“España, tierra de reyes e hidalguía, cien tabernas y una librería”, decía Emilio, el abuelo de Ramón Andrés. “Era muy fino”, apunta el escritor y musicólogo precisamente en una librería –Walden– de Pamplona, por la que suele pasarse para cargar las alforjas cuando se acerca a su ciudad natal desde Elizondo. En la capital del valle del Baztán se ha hecho fuerte ante el asedio del ruido incívico del turismo, los aquelarres políticos de “esta península extraña y melancólica”, la polución ambiental y la especulación inmobiliaria. En Barcelona, donde desembarcó con 17 años por los negocios textiles de su padre, sufrió una tormenta perfecta que aunaba todos estos detestables elementos. Y en 2017 huyó al campo, como su admirado Montaigne, al que le une la mirada invariablemente escéptica.
Daniel, su amigo librero, después de echar la mano con reciedumbre norteña, franquea el paso en la entrada. Andrés comenta con él la marcha de alguno de sus títulos, como El mundo en el oído, que ha alcanzado la quinta edición. ¿Quién le iba a decir que sus libros se defenderían tan bien cuando Jaume Vallcorba le abrió de par en par la editorial Acantilado? “Se lo debo todo. Era el único editor que se atrevía a editar cosas que eran aparentemente un despropósito comercial, como mi libro sobre la biblioteca de Bach”.
En un acogedor rincón entre la tienda y la trastienda, con un par de sofás, se desarrolla La Conversación. Andrés encubre su alma de eremita con la prenda icónica del existencialismo francés, el jersey negro de cuello vuelto. Habla sin alzar la voz ni un instante. Las rayitas verticales de la grabadora, que reflejan los decibelios, apenas se levantan unos milímetros durante una hora y media. Porque se puede llamar a la subversión (contra un progreso triturador de esencias humanas) sin gritar.
Pregunta. ¿Viene de buena gana a Pamplona, a la ciudad, o le da pereza suspender sus rutinas rurales?
Respuesta. Si soy sincero, he de decir que un poco a regañadientes. La carretera, además, aunque la han mejorado, sigue siendo peligrosa. Tiene mucho tráfico de camiones por la frontera con Francia. Ves matrículas de Lituania, de Austria, de Hungría… y hasta de Turquía. Me he acostumbrado a la lentitud y al silencio, que era lo que necesitaba. El trato con los vecinos es cordial. Fíjese: después de tantos años en Barcelona, ahora me costaría mucho vivir incluso en Pamplona.
P. ¿Cree que las ciudades envilecen a las personas?
R. Sin duda.
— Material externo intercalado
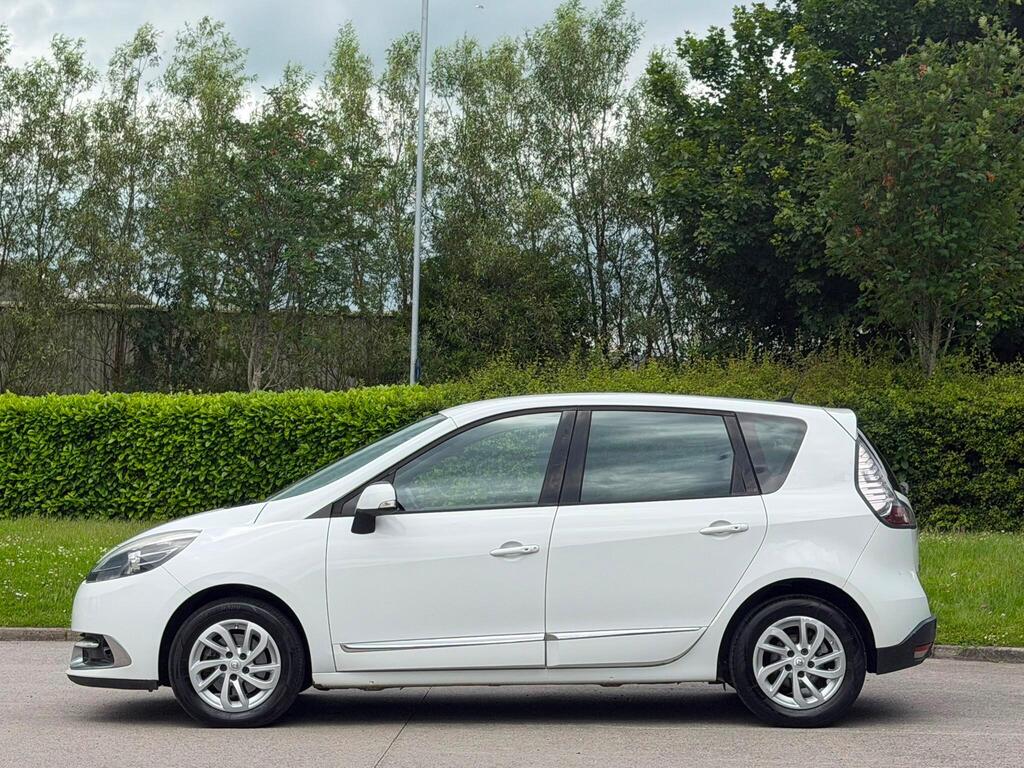 
								Renault Scenic 1.5 dCi Dynamique Nav Euro 6 (s/s) 5dr full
Nuestra tendencia al mal es una constante, vivamos en la ciudad o en el campo, pero en las ciudades las mentes devienen laberínticas.
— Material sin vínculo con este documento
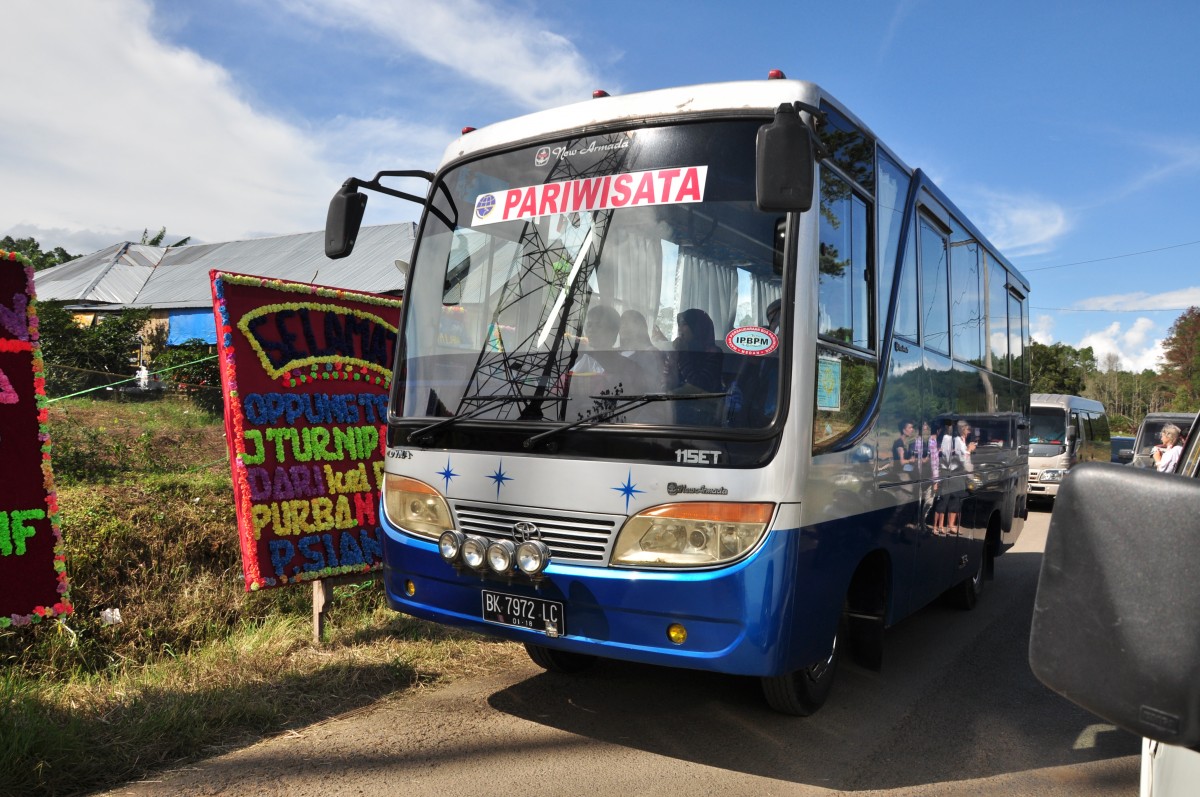 Toyota Linienbus in Nordsumatra im Juni 2014 gesehen.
P. ¿En el sentido de más retorcidas?
R. En el sentido de más neuróticas, estoy convencido.
P. Aparte, desconectan a sus habitantes de la naturaleza. Hay que ver qué cabreos se cogen cuando llueve dos días seguidos.
R. No solo eso, se produce también una desconexión del prójimo, que cada vez es más una abstracción. Los demás son un telón de fondo en paisajes de cartón piedra.
P. En Madrid no ha caído ni una gota en lo que llevamos de mes [la entrevista se realizó el 21 de abril]. ¿Qué tal por Elizondo?
R. Pues estuvo lloviendo una semana seguida. Paró hace tres días.
P. Alivia escuchar algo así.
R. Sí, pero ahora se superan en verano los 40 grados. Eso no pasaba antes.
“No me importa que me llamen reaccionario. Sé que no lo soy pero tampoco soy un enfermo del progreso”
P. Desde su atalaya privilegiada, se recrea observando las aves migratorias. ¿Ha notado algo raro últimamente, alguna especie que falte, o que sobre, o que llegue a destiempo?
R. Las aves llegan cada vez más tarde. Este año, por ejemplo, la paloma ha venido tardísimo para desesperación de los cazadores. El cambio climático se nota sobre todo por el viento. Baztán era un lugar sin viento y ahora tenemos uno tremendo que arranca robles de 300 años.
P. El viento a usted le turba particularmente, ¿no?
R. Sí, desde niño me ha desazonado, no sé explicar por qué. El clima, en general, me afecta mucho. Me cuesta aguantar el sol. Más de tres días con sol me angustian. Soy más de lluvias lentas y nieblas. Asumo que quizá esto es un poco raro.
P. Vaya, que no le vamos a ver en la playa de vacaciones.
R. [Ríe] No, de vacaciones, no. Pero, bueno, un rato de sol a última hora para bañarme... Eso sí.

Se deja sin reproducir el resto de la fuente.